Tuesday, December 9, 2008

US and World Markets Slump After China Stimulus Package


China announced on Sunday that is was going to put a stimulus package worth approximately $585 billion dollars into effect over the next two years.
A Marketwatch article entitled “China unveils stimulus package as growth slows,” describes the use of the funds as mostly infrastructure-related:
“Funds from the stimulus package will be spent in ten major areas that include low-income housing, rural infrastructure, water, electricity, transportation and improvements in the environment.”
World markets rallied sharply with the news, posting 3-5% throughout Asia. The US soared in early Monday trading as well – gaining 3-4% in just a few hours.
According to the Emerginvest Asian Heat Map, almost the entire continent had solid gains. China, India, and Russia all soared 5-7%.

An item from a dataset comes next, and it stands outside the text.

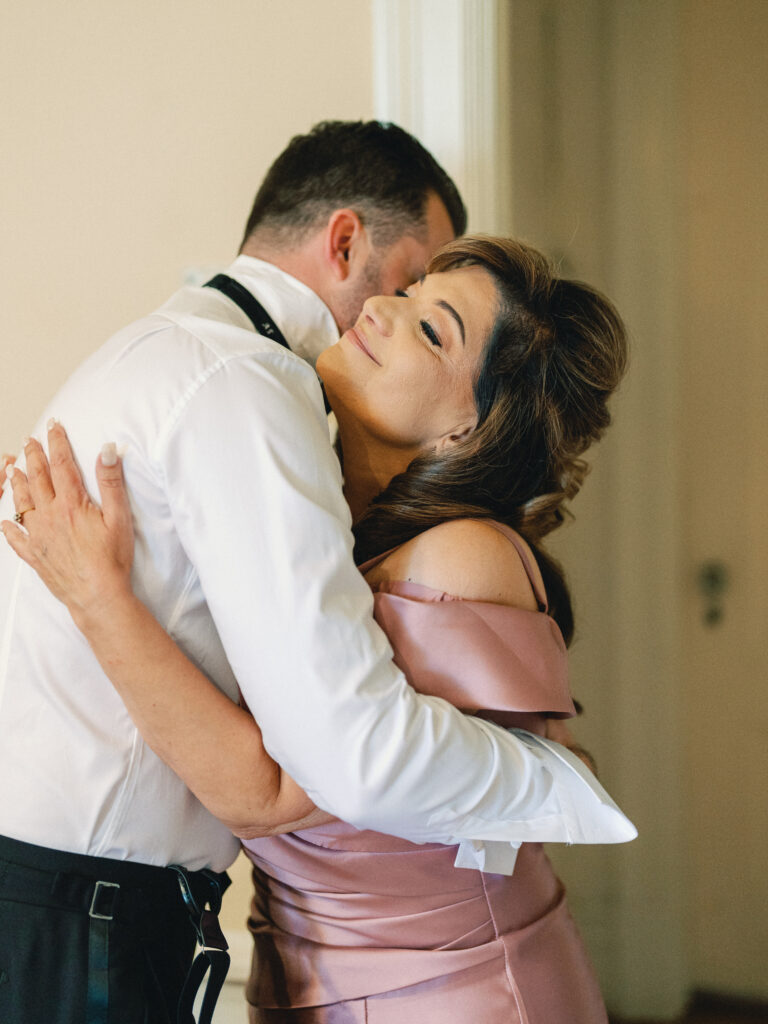 Candid wedding day photoshoot featuring a heartfelt embrace between the groom and his mother.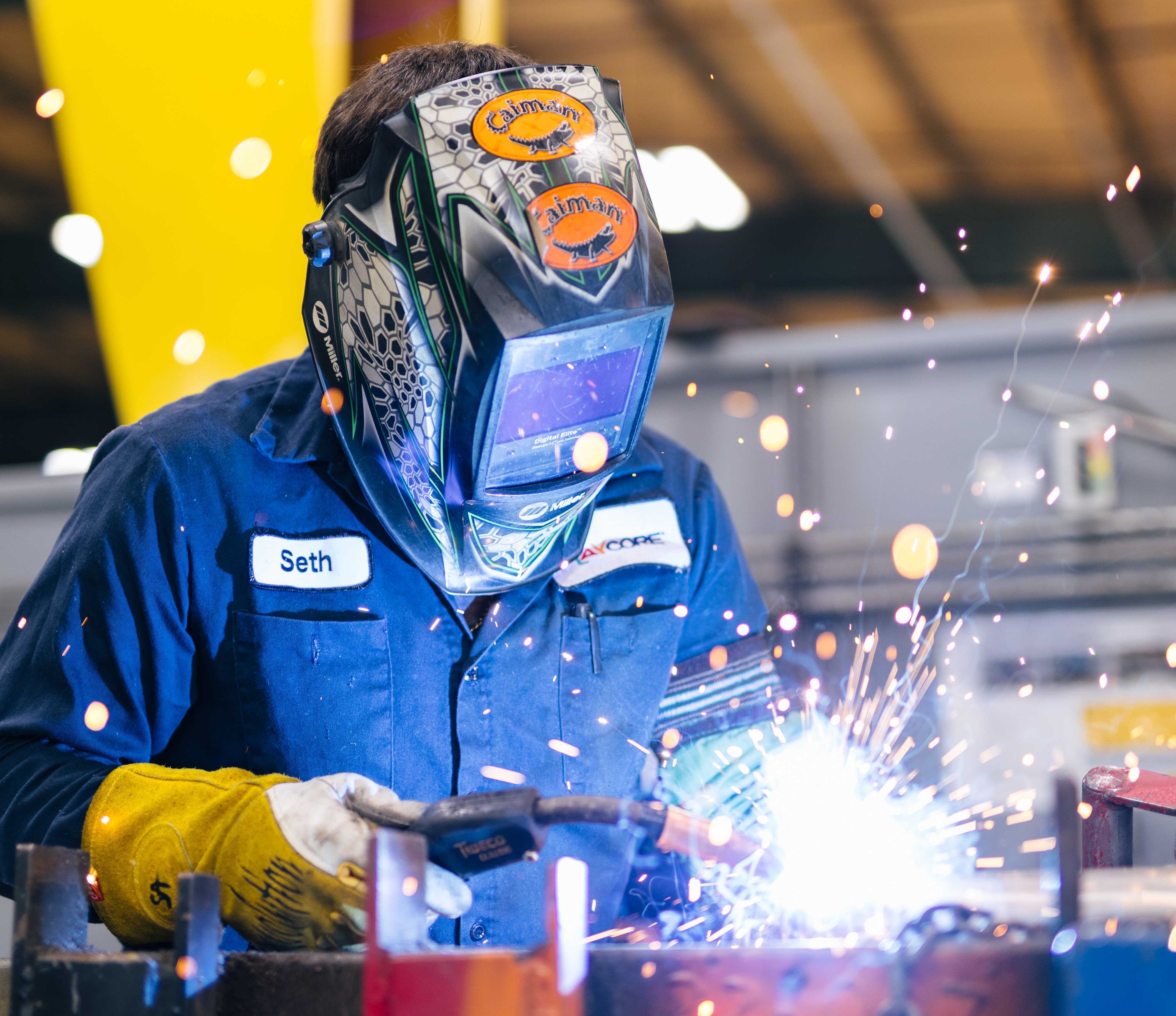 Welder welding a large piece of steel wearing welder helmet with yellow protective gloves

However, the upward trend did not last long as the article also foreshadowed the declines: “Economists said the size of the headline figure was less important then than how quickly authorities could get the funds into the economy to help offset slowing growth and a housing sector contraction.”
Investors quickly realized that it would still take time for the plan to be executed (only approximately $14B to be spent by year-end), and that the world is already deeply entrenched in recession. That, among other corporate news pushed stocks downward again in late trading Monday and so far on Tuesday.
Stocks globally have fallen throughout trading yesterday and today. As of this writing the Dow is down approximately 4% today, the NIKKEI is down 3%, the Hang Seng is down 4.77%, and Australia is down 3.44%. A Forbes.com article entitled: “Global Markets Scorecard,” suggested that Chinese energy stocks are due to come out of the slump with extremely high growth (supported by an argument of post-recession energy demand and current low-valuations. That still remains a long way off however, and it is yet to be seen how quickly the Chinese government will start executing on their plan and pumping capital into their economy.